Access to anti-hypertensive and anti-diabetic medications amongst people living with HIV in Soroti District, Eastern Uganda
Abstract
Background:
Access to anti-diabetic and anti-hypertensive medicines is one of the factors that needs to be addressed so as to ensure continuous availability of affordable quality of care to HIV clients living with hypertension and diabetes. Inability to bridge the gap of anti-hypertensive and anti-diabetic medicine access will offset the tremendous gains associated with the use of antiretroviral therapy.
Objective: To determine access to anti-hypertensive and anti-diabetic medicines amongst HIV clients.
Methods: This was a cross-sectional study that collected both qualitative and quantitative data. A semi-structured questionnaire was used to collect quantitative data from 215 HIV positive hypertension and diabetic clients. The collected data was entered into SPSS version 24, and analyzed using descriptive statistics and logistic regression to assess access to anti-hypertensive and anti-diabetic medicines. An interview guide was used to collect qualitative data from 16 key-informants (pharmacist, prescribing clinicians, dispensers, stores attendants and nurse in-charges). Collected data was transcribed, exported into Atlas.ti 22 software, and analyzed thematically.

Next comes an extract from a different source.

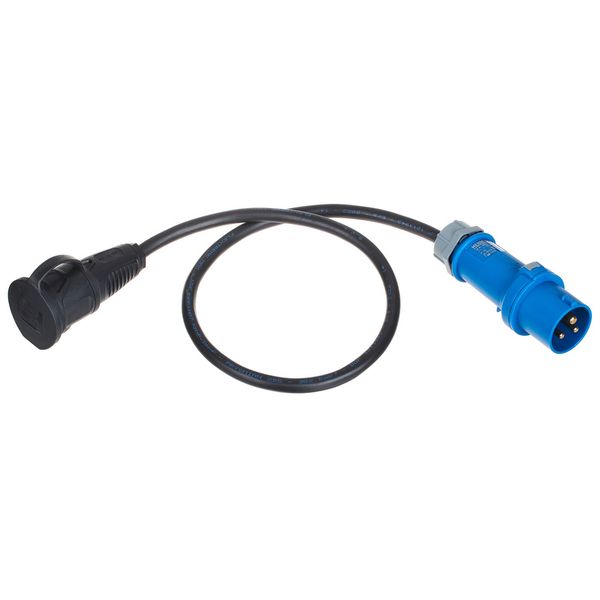 Stairville Adapt CEE Blue - Eu Coup 1,0m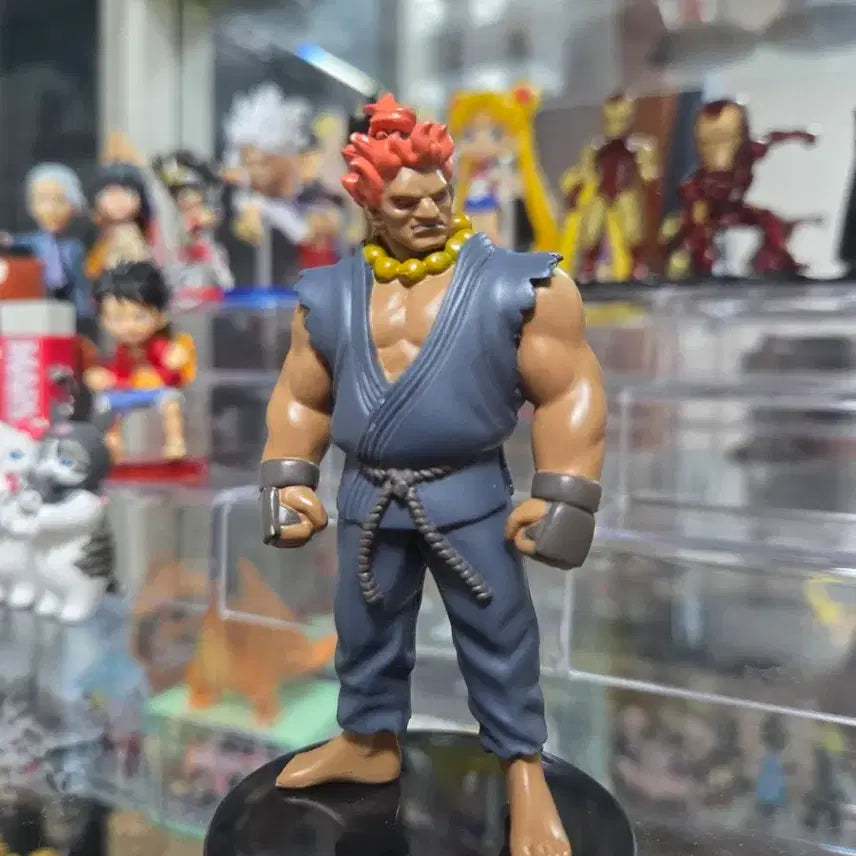 [BUNJANG] Street Fighter Akuma Figure / 스트리트 파이터 피규어 고우키 아쿠마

Results: The six anti-hypertensive and anti-diabetic medicines observed were stocked-out for an average of 26.02% (16/60 days) of the days. The anti-hypertensive medicines had more stock-out days (20/60 days) compared to anti-diabetic medicines which had a stock-out duration of (12/60) days. Losartan-hydrochlorothiazide, anti-hypertensive medicine had the highest number of stock-out days (32/60) days. Accessibility was poor, with the majority 193 (89.8%) of the clients travelling more than 5Km for their medicine refills and only 86 (40%) of the clients receiving all their prescribed medicines. Medicine affordability was also poor, with majority 183 (85.1%) of the clients at risk of catastrophic health expenditure. Education level (AOR=0.245; 95% CI: 0.092-0.655; p=0.005˂0.05) was significantly associated with accessibility to non-communicable disease medicines. Supply chain practices affecting access to anti-hypertensive and anti-diabetic medicines included; inadequate technical personnel, and limited funds.

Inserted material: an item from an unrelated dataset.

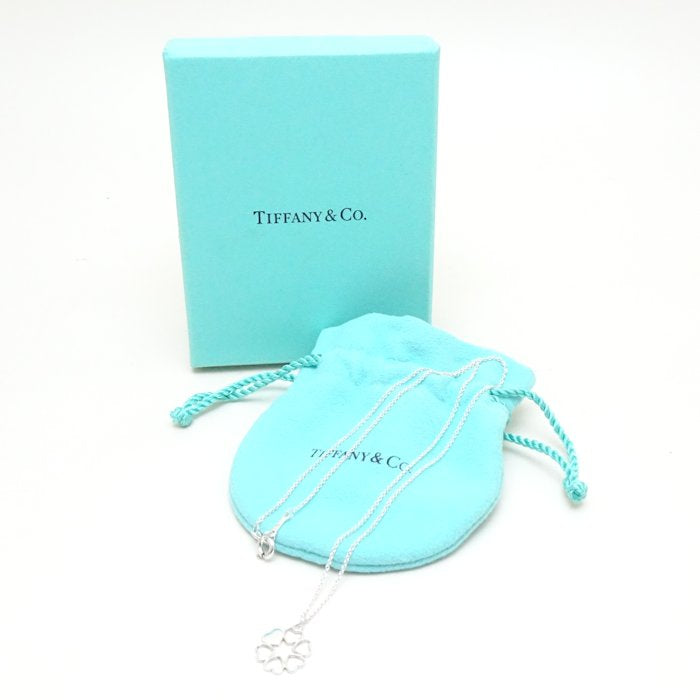 Tiffany & Co Crown of Hearts Necklace Silver 925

Conclusion: Access to non-communicable disease medicines is generally poor as illustrated by poor accessibility, affordability, persistent stock-outs, limited funds, inadequate technical personnel, and delayed delivery of medicines by the central medical store.
Recommendation: Government needs to strengthen health facilities in the management of non-communicable diseases by increasing access to medicines.
Key words: Access, availability, accessibility, affordability, HIV/AIDS, NCDs, HIV and NCDs.